The Court pointed out that section 140(5) does not deal with fraud and professional misconduct under the Act. The purpose behind the enactment of such a section is to break the unhealthy collusion between the company and the auditor. It held that a company auditor is a third party who is disinterested in the affairs of the company and is bound to perform his tasks in an impartial manner. If such an auditor opposes the direction of the NCLT, it means otherwise and the tribunal may pass a final order under the second proviso.
Professional misconduct on part of company auditors can be investigated by the National Financial Reporting Authority formed under section 132 of the Companies Act, 2013 as well as provisions under the Chartered Accountants Act, 1949 as well. Similarly, the offence of fraud and the punishment thereof has been prescribed under section 447 of the Companies Act. As the ground for subjective satisfaction of the NCLT under section 140(5) is fraud, it cannot be stipulated that the tribunal, while adjudicating on debarment, is not taking into account the relevant aspersions of fraud against the auditor. Moreover, the nature of final order passed under the second proviso of section 140(5) and the punishment under section 447 of the Companies Act are both punitive, as they debar the auditor from practicing its profession. Hence, the nature of the act and its consequences need to be looked into rather than its nomenclature.
Even though the NCLT possesses the power to determine its own procedure, but the subjective satisfaction of the tribunal, if based on incomplete and inconclusive reports, can deprive the auditor of the opportunity to practice his own business and profession. Although the said provision was included as a cautionary note in order to protect the interest of shareholders, the act of debarring the auditor completely for a period of five years is rather excessive and unreasonable. When different mechanisms have been provided under the Act to investigate professional misconduct and fraud, this provision bypasses the established procedures without following due process.
Moreover, the provision acts as a threat rather than a cautionary note for the company auditor, as it places the burden on the auditor to recuse himself before the NCLT passes a final order. These considerations can give rise to caprice in the adjudication process as the auditor is not even offered an opportunity to present himself properly before the Tribunal. This extraordinary power, if exercised by the NCLT, can not only cause loss of business for the auditor, but can also create a stigma that can hamper his future prospects.
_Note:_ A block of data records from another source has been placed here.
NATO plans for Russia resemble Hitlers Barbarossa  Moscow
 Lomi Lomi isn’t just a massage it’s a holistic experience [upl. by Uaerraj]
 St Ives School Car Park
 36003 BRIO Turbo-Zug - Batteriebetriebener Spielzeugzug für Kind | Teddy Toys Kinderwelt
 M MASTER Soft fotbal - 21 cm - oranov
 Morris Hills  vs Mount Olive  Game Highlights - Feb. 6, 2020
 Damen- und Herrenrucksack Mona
Hence, it is necessary to accompany such power with proper procedures and safeguards.
In light of different provisions governing fraud and professional misconduct on part of company auditor, the second proviso of section 140(5) is rather an extraordinary and unnecessary provision that acts as a death note for the company auditor. The exercise of such power needs to be substantiated with proper reasoning and procedural safeguards. If not regulated properly, the provision can become a ruse for the Government to fix responsibility in such circumstances without proper enquiry.